Ragin’ Cajun Crock Pot Red Beans and Rice

My dad shared this recipe with me sometime around college so I wouldn’t waste my money on cheap fast food. He always had food right. As a kid in Korea, when we would make a Christmas trip to Hong Kong, I’d dive into McDonald’s the moment we landed. Korea didn’t have McDonald’s back then. While I was eating quarter pounders Dad would quietly go to a noodle shop next door and eat right, soaking up the flavor and the culture. I was a little slow to figure out what good food was.

Anyway, red beans and rice. I always looked forward to my dad making this when I was growing up. Born in New Orleans, my dad has Tabasco in his blood. It was always a treat to visit family in the summer and taste some of the amazing Cajun dishes they could whip up like red beans and rice. It reminds me of the crawfish boils, French Quarter parades, and using chicken necks to catch crabs from under the dock.

This is an easy one-pot meal that you can start in the morning and let cook all day. Be sure to soak your beans in water overnight. They’ll cook faster and more evenly if you do.

If you add hot sauce to your beans, Tabasco is the most traditional. And it’s made in Louisiana so it’s certainly at home amongst red beans and rice. But feel free to substitute whatever hot sauce is your favorite to make it your own.

Serves 4

Prep Time 30 minutes

Cook Time 6-8 hours

INGREDIENTS:

  • 1 lb red kidney beans
  • 1 onion, chopped
  • 1 cup celery, chopped
  • 3 garlic cloves, minced (sometimes I do 5 though. We love garlic!)
  • 1/2 lb ham, cut into bite sized pieces
  • 1/2 lb Italian sausage
  • 1 tbsp Italian seasoning
  • Your favorite hot sauce, to taste (Tabasco, if you want to be traditional)
  • 2 bay leaves
  • Salt, to taste
  • Rice, to serve
  • Chopped green onions for topping (optional)

RECIPE:

Soak the beans in water over night. When ready to prepare, drain the beans and place in your crock pot.

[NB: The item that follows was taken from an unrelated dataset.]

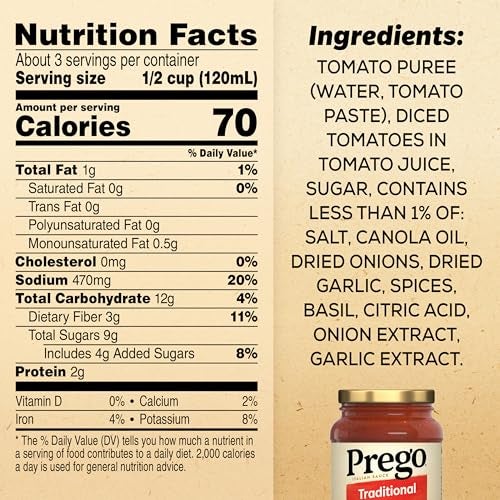 Prego Traditional Pasta Sauce, 14 Oz Jar - Image 2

Heat the oven to 350 degrees. Line a baking sheet with foil, add cooking spray, and lay the sausage on the sheet. When temperature is reached, place the sausage in the oven and let cook til browned on one side, about 15 minutes. Turn over and place back in the oven for another 15 minutes. When browned on both sides remove from the oven and let cool enough that it can be sliced. If it’s not all the way cooked through, no problem. It will cook plenty in the crock pot.

Add to the crock pot the sliced sausage, the rest of the ingredients up to and including salt, and enough water to almost cover the mixture. Set the temperature to cook for at least 6 hrs.

When done, serve over rice and top with chopped green onions. Enjoy!